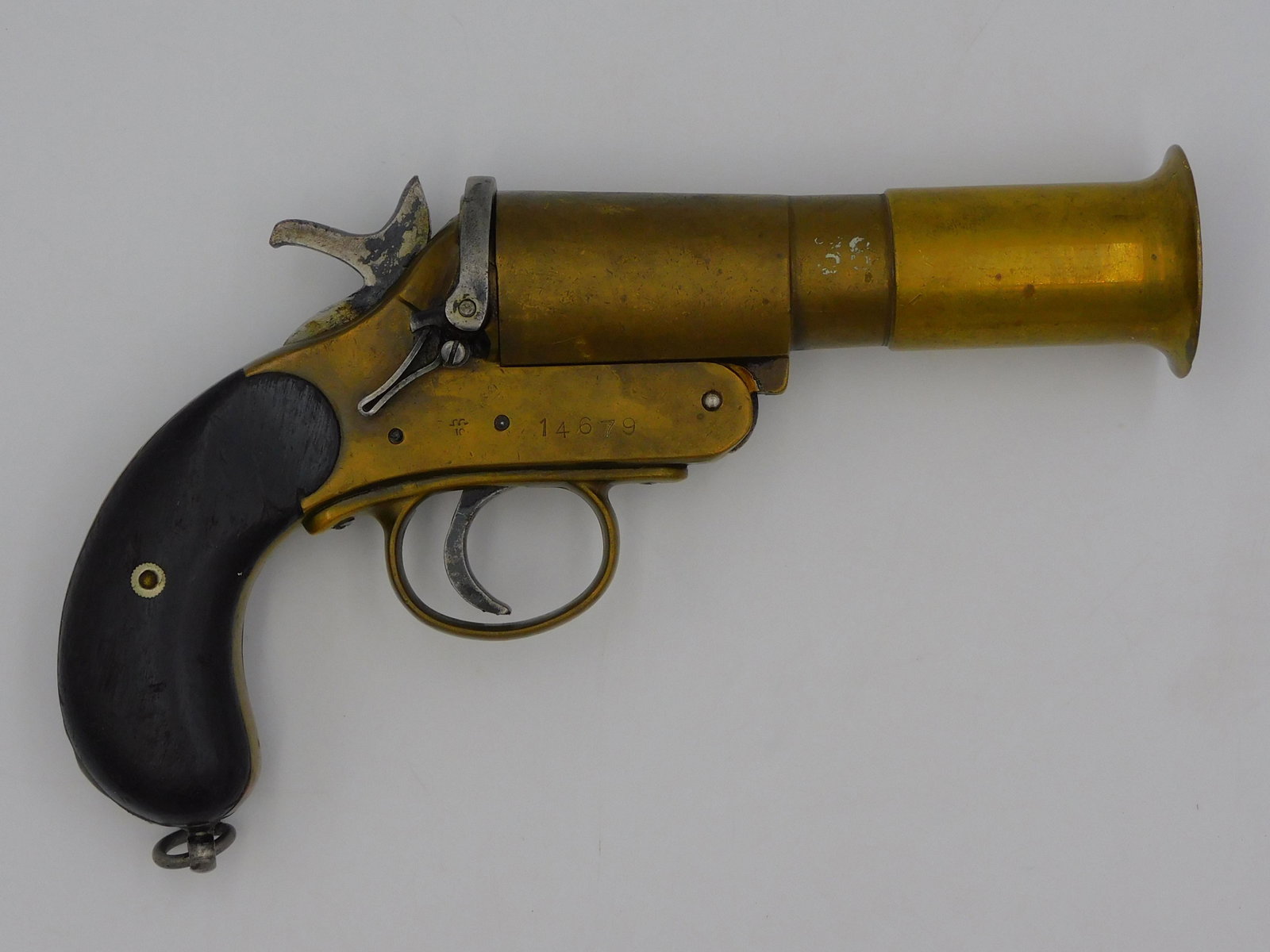 WWII Australian MK III CSR Sydney brass flare: gun/signal pistol, dated 1942, with Australian proof marks. Serial Number 14679. Unknown working condition. Age appropriate wear and patina. Grips are good. Barrel Measures 5 3/4".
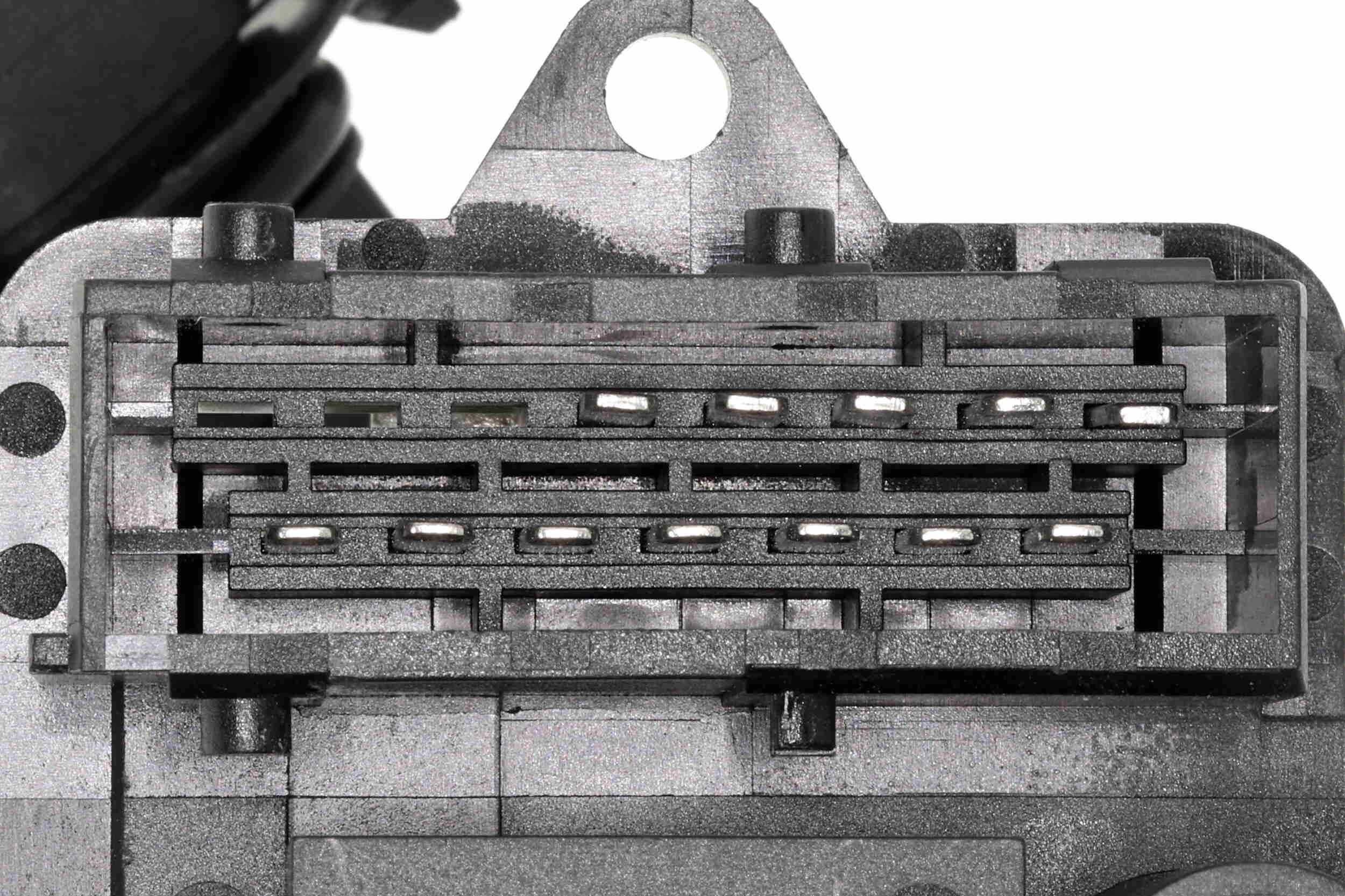 Reguliatorius, keleivio pusės ventiliatorius VEMO V46-79-0045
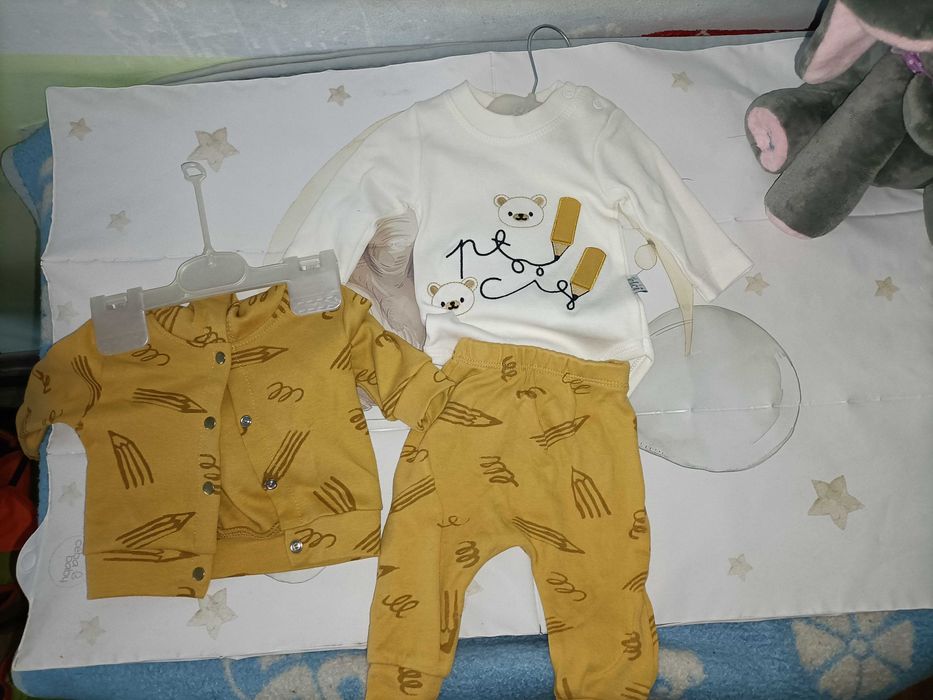 Komplet ubranek niemowlęcych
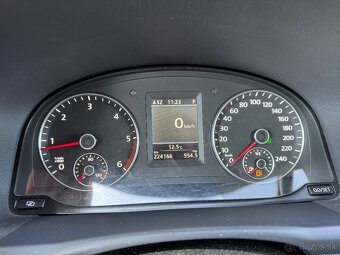 VW Touran 2.0 TDI DSG 7 Miestny - 14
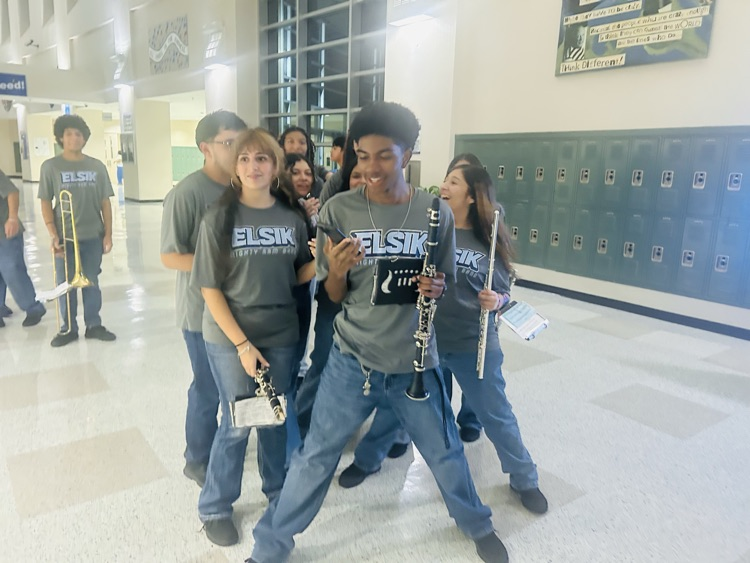 ElsikHighSchool's tweet image. 8th Grade Transition Night at ENGC was a success! We had a great turnout with enthusiastic students and parents excited about the opportunities at Elsik High School. We loved connecting with our future Rams and their families! #Leadtheway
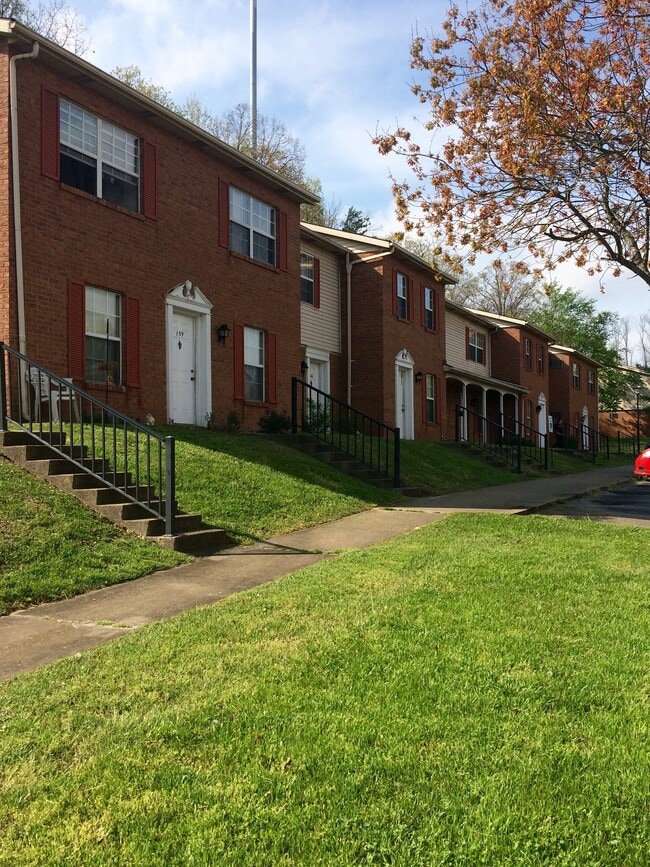 Chateau Hills Apartments Parkersburg, WV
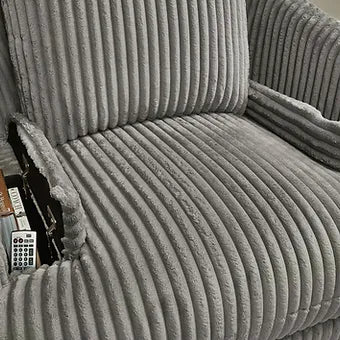 Tie Breaker Recliner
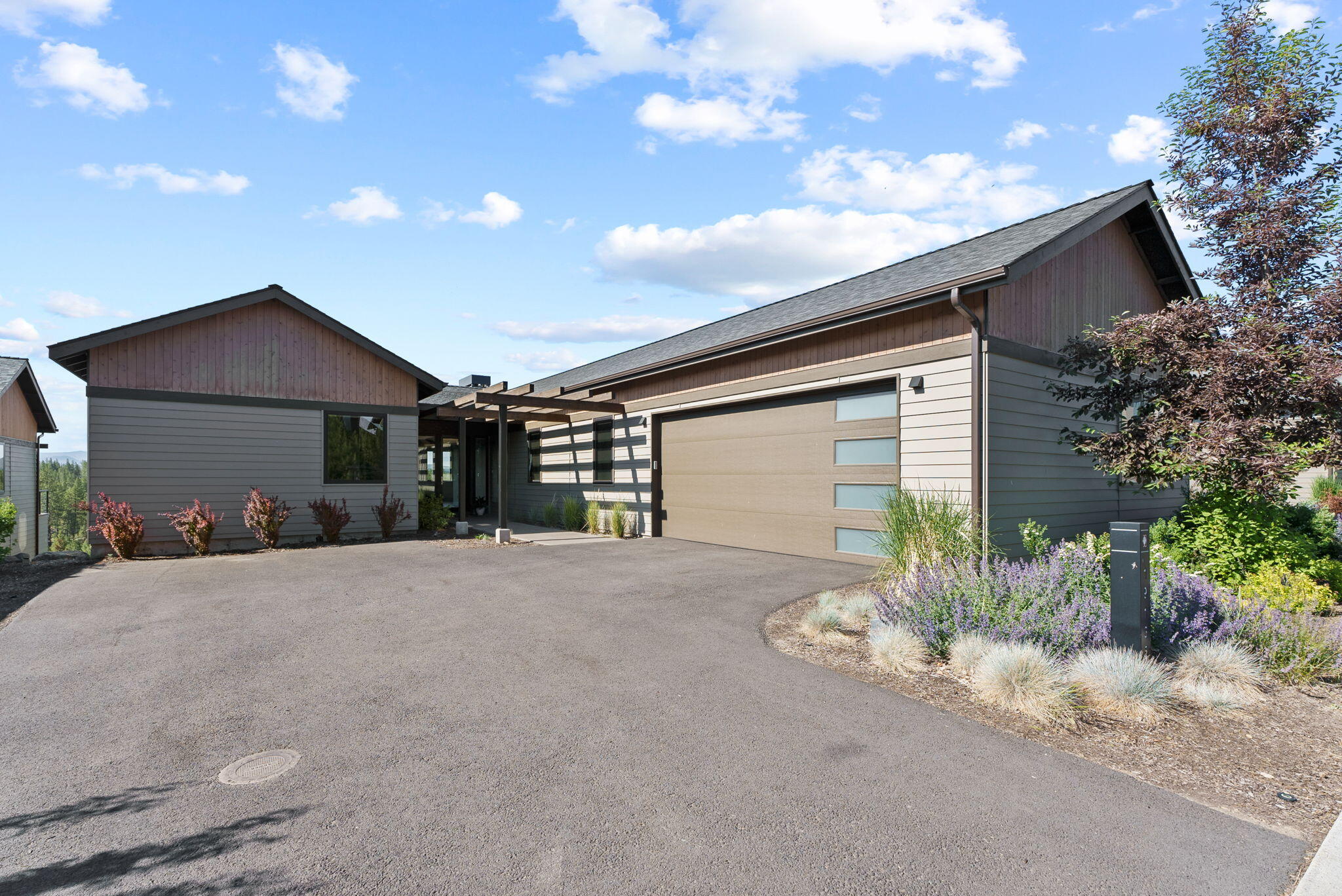 19135 Gateway Loop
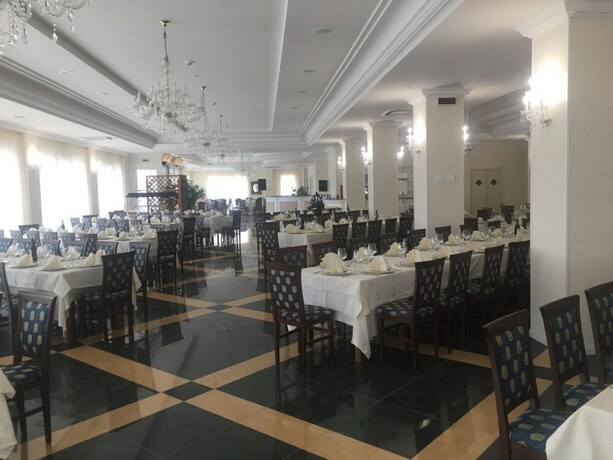 Imagen del bar/restaurante del Hotel Best Western Colaiaco. Foto 18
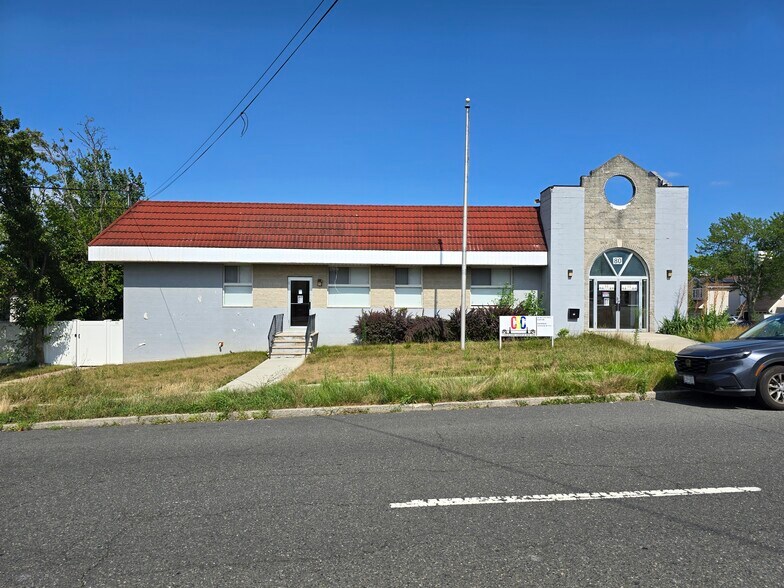 More Photos Of 80 Woodrow Rd, Staten Island Daycare Center For Lease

TASK INSTRUCTIONS:
Drop the pictures, then write out only the lines running from the one containing "VW Touran 2.0 TDI DSG 7 Miestny - 14" through the last line above, both included, exactly.

TASK RESPONSE:
 VW Touran 2.0 TDI DSG 7 Miestny - 14
 ElsikHighSchool's tweet image. 8th Grade Transition Night at ENGC was a success! We had a great turnout with enthusiastic students and parents excited about the opportunities at Elsik High School. We loved connecting with our future Rams and their families! #Leadtheway
 Chateau Hills Apartments Parkersburg, WV
 Tie Breaker Recliner
 19135 Gateway Loop
 Imagen del bar/restaurante del Hotel Best Western Colaiaco. Foto 18
 More Photos Of 80 Woodrow Rd, Staten Island Daycare Center For Lease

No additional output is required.